◆ ASSIGNED TASK ◆
Write every line of the material again exactly, with no pictures in the copy.

====== GIVEN RECORDS ======

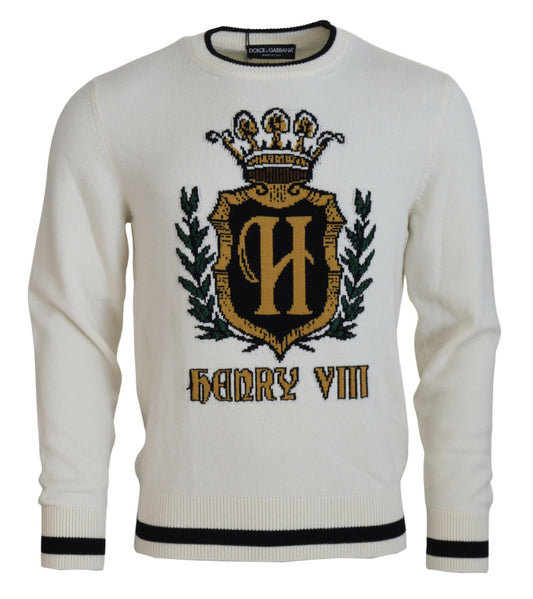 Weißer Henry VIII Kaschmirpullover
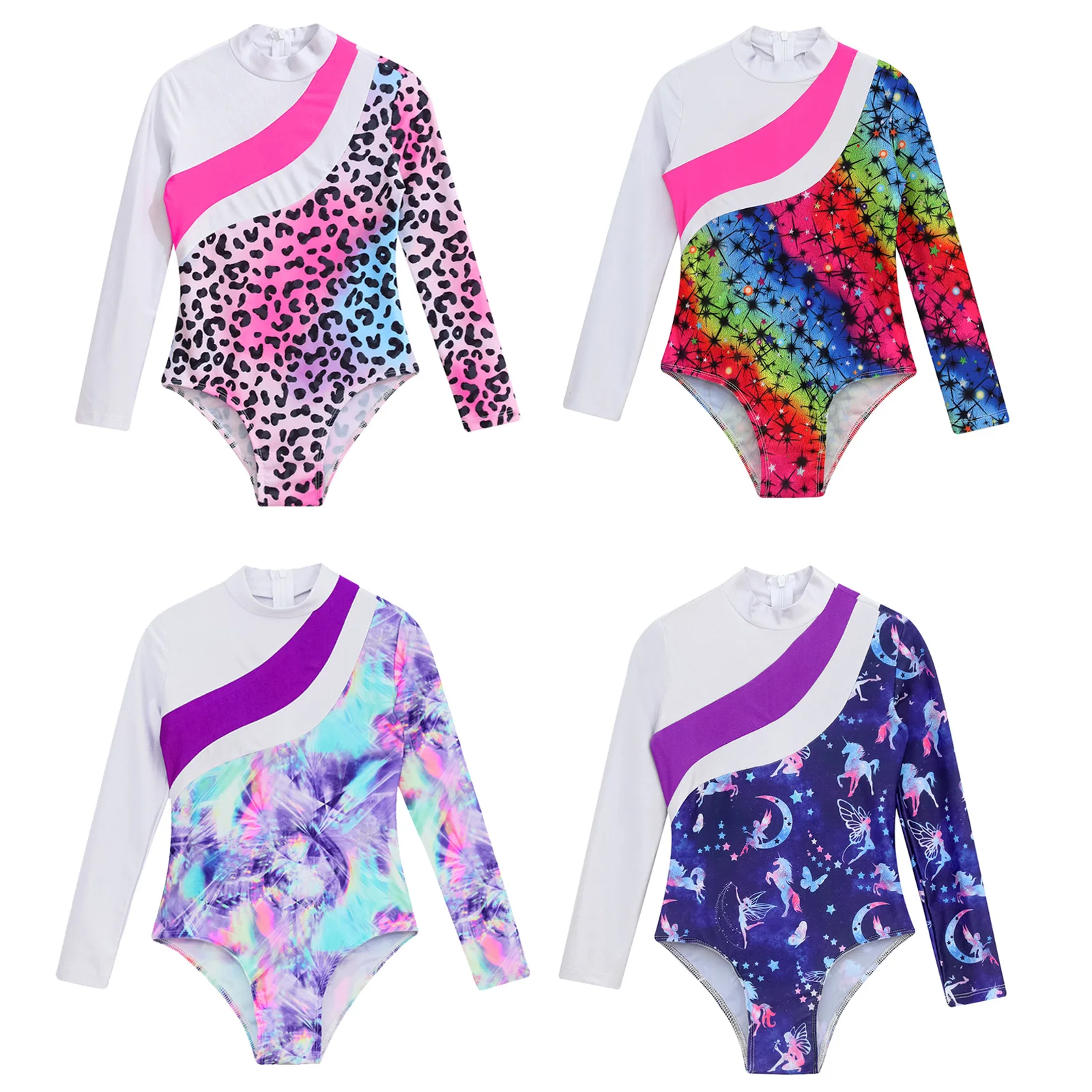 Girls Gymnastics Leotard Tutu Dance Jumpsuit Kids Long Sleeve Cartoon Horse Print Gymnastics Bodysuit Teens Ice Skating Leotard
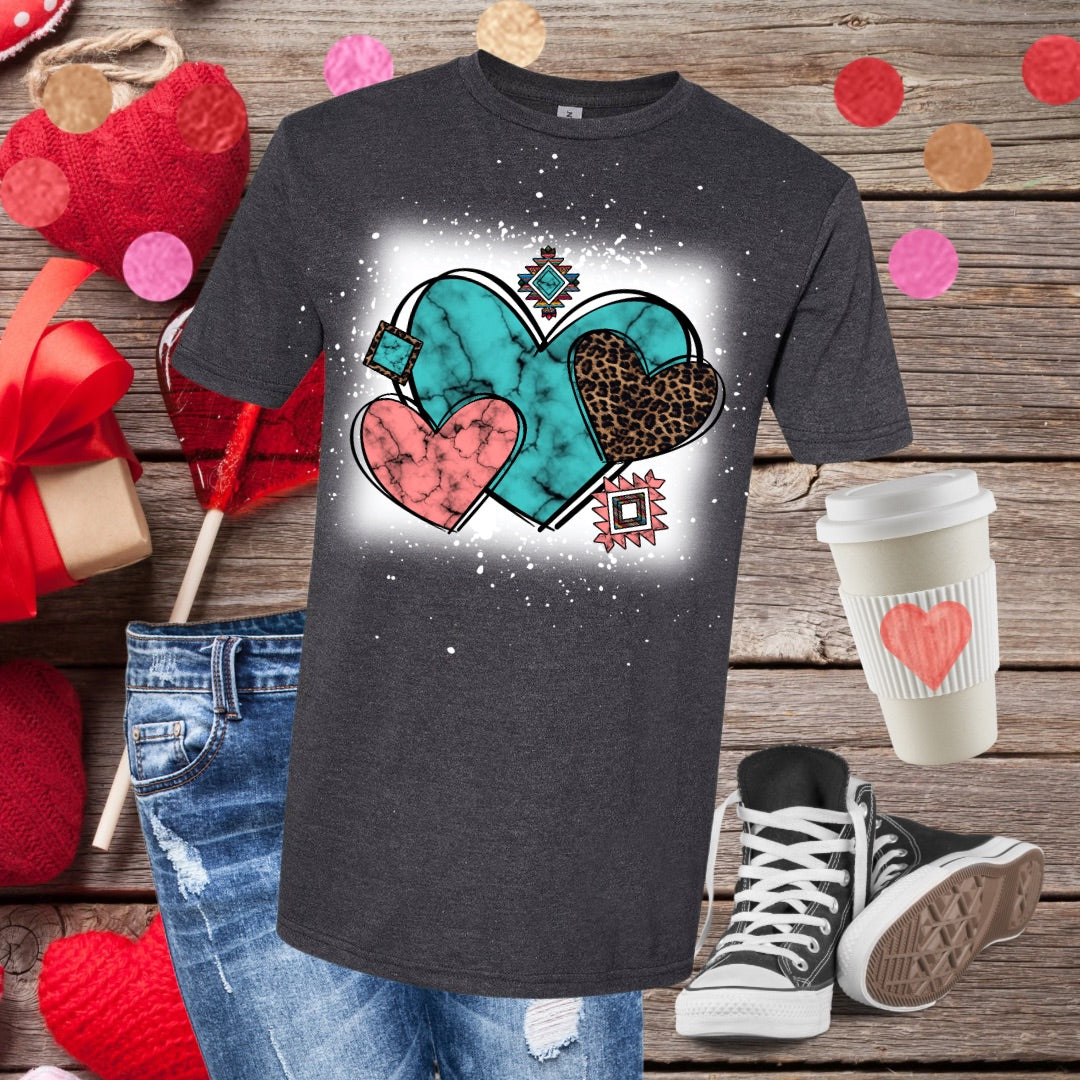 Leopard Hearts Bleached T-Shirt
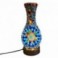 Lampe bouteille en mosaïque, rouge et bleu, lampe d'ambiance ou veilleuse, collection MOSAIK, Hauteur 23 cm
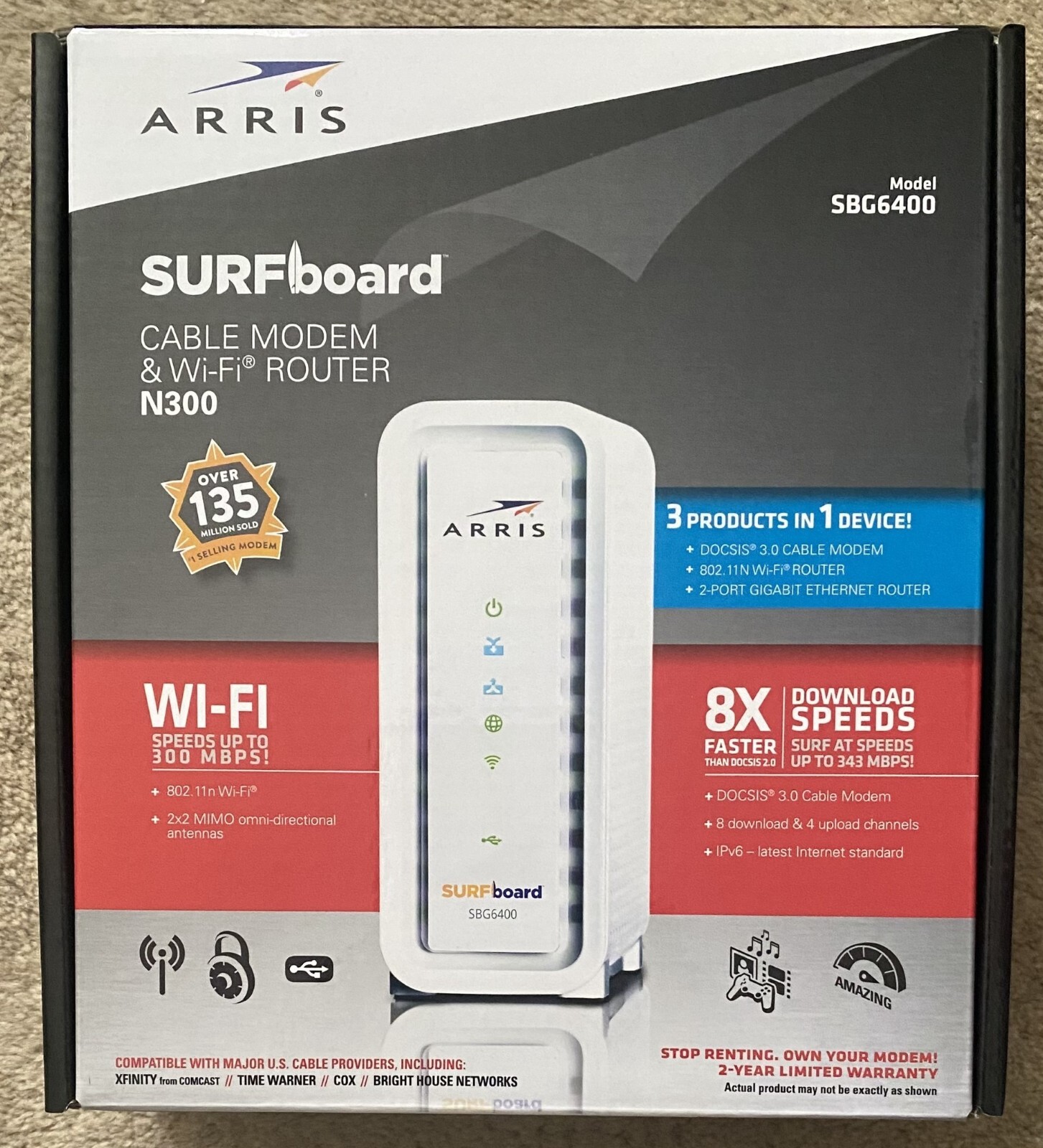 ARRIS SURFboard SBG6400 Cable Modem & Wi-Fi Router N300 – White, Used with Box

======

◆ ANSWER TO THE EXERCISE ◆
 Weißer Henry VIII Kaschmirpullover
 Girls Gymnastics Leotard Tutu Dance Jumpsuit Kids Long Sleeve Cartoon Horse Print Gymnastics Bodysuit Teens Ice Skating Leotard
 Leopard Hearts Bleached T-Shirt
 Lampe bouteille en mosaïque, rouge et bleu, lampe d'ambiance ou veilleuse, collection MOSAIK, Hauteur 23 cm
 ARRIS SURFboard SBG6400 Cable Modem & Wi-Fi Router N300 – White, Used with Box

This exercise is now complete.